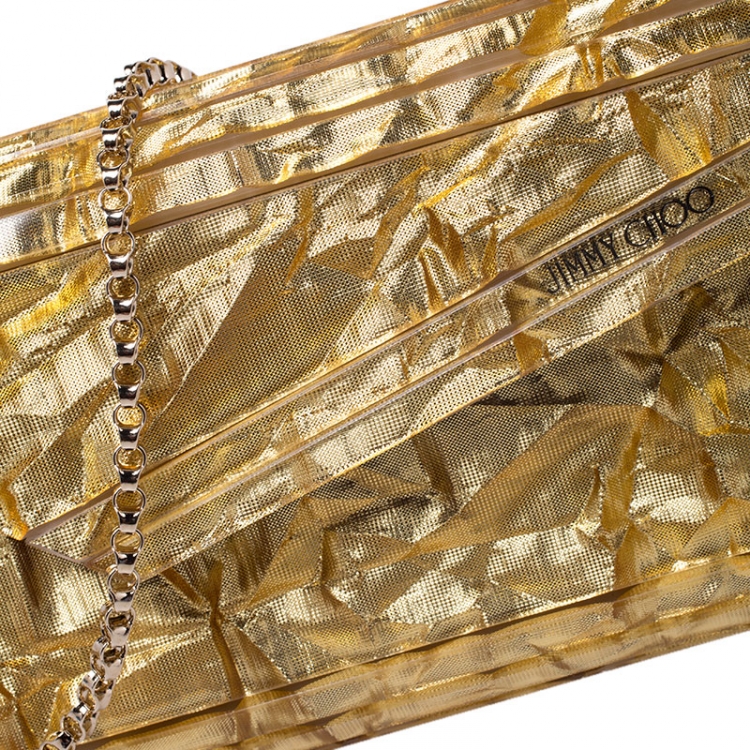 Pre Owned Jimmy Choo Gold Glitter Acrylic Candy Clutch Bag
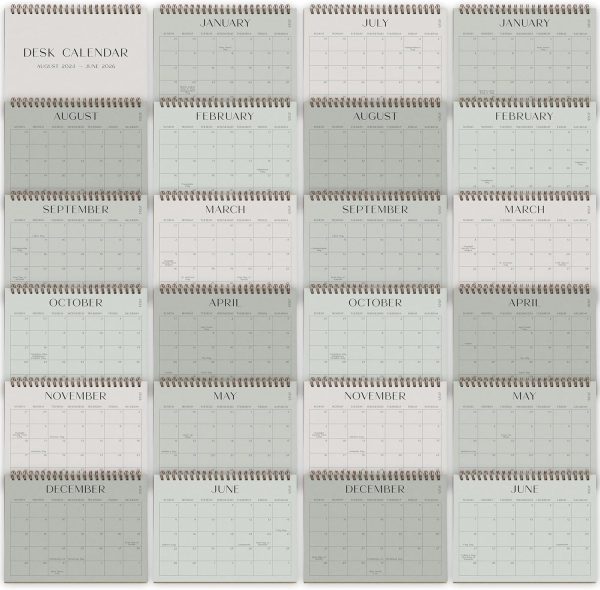 Aesthetic Desk Calendar 2025 - Runs from August 2024 until June 2026 - Beautiful Small 2024-2025 Flip Desktop Calendar for Easy Organizing - Image 8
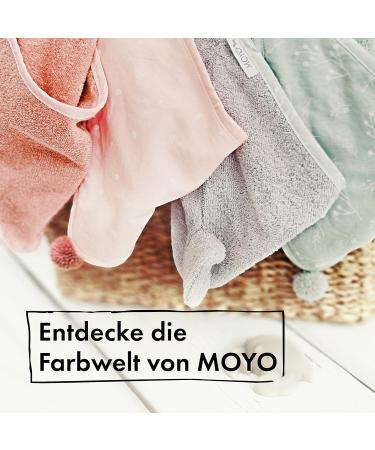 Moyo Hooded Towel for Toddlers & Babies - White-Ros 75x75cm | 100% Cotton Bathing Poncho | Washable Baby Bath Towel with Hood - Buy Online on SooperMarket.com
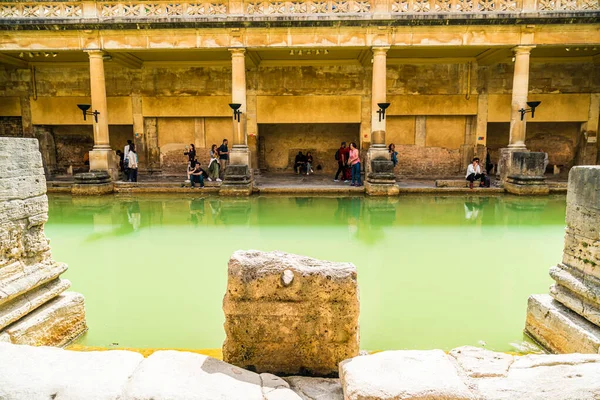 BATH, ENGLAND - AUG 30, 2019 : Roman Baths, the UNESCO World Her Stock Image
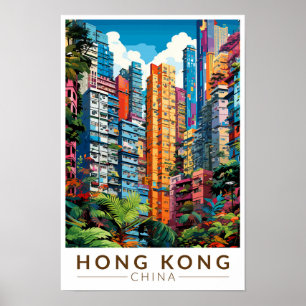 Poster Apartamentos de Viagem Arte Vintage Hong Kong Chin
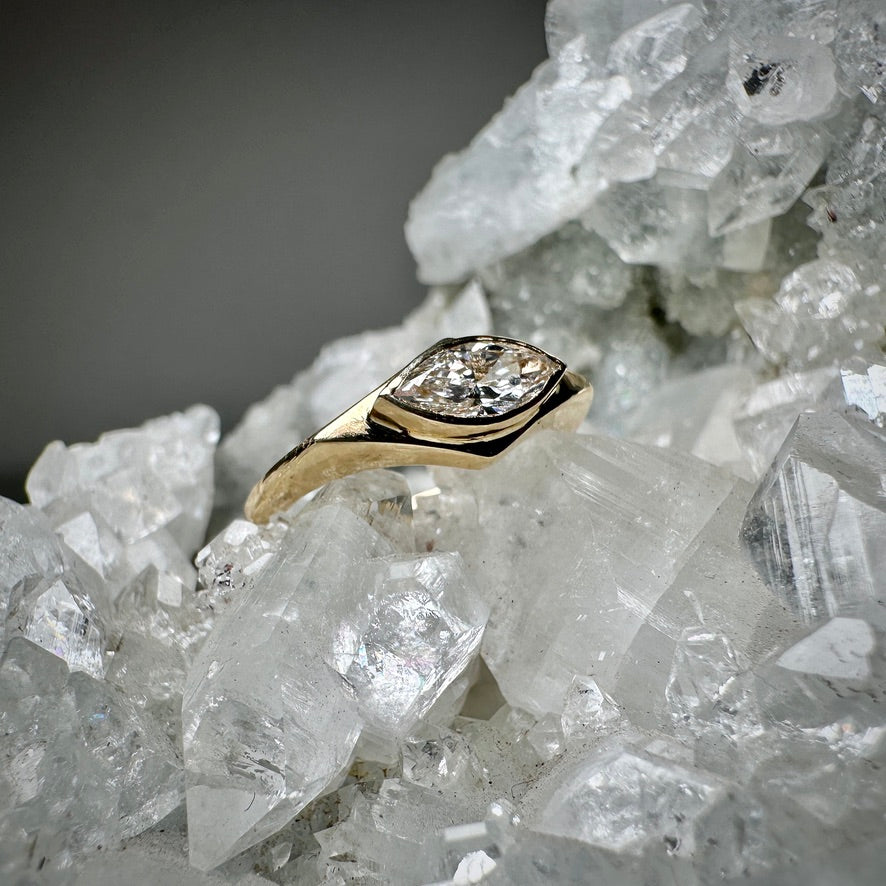 Marquise Diamond Ring in 14k Yellow Gold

..............................

§ Try it:
Leaving the pictures out, output all of the listing exactly.

§ Answer for this exercise:
 Pre Owned Jimmy Choo Gold Glitter Acrylic Candy Clutch Bag
 Aesthetic Desk Calendar 2025 - Runs from August 2024 until June 2026 - Beautiful Small 2024-2025 Flip Desktop Calendar for Easy Organizing - Image 8
 Moyo Hooded Towel for Toddlers & Babies - White-Ros 75x75cm | 100% Cotton Bathing Poncho | Washable Baby Bath Towel with Hood - Buy Online on SooperMarket.com
 BATH, ENGLAND - AUG 30, 2019 : Roman Baths, the UNESCO World Her Stock Image
 Poster Apartamentos de Viagem Arte Vintage Hong Kong Chin
 Marquise Diamond Ring in 14k Yellow Gold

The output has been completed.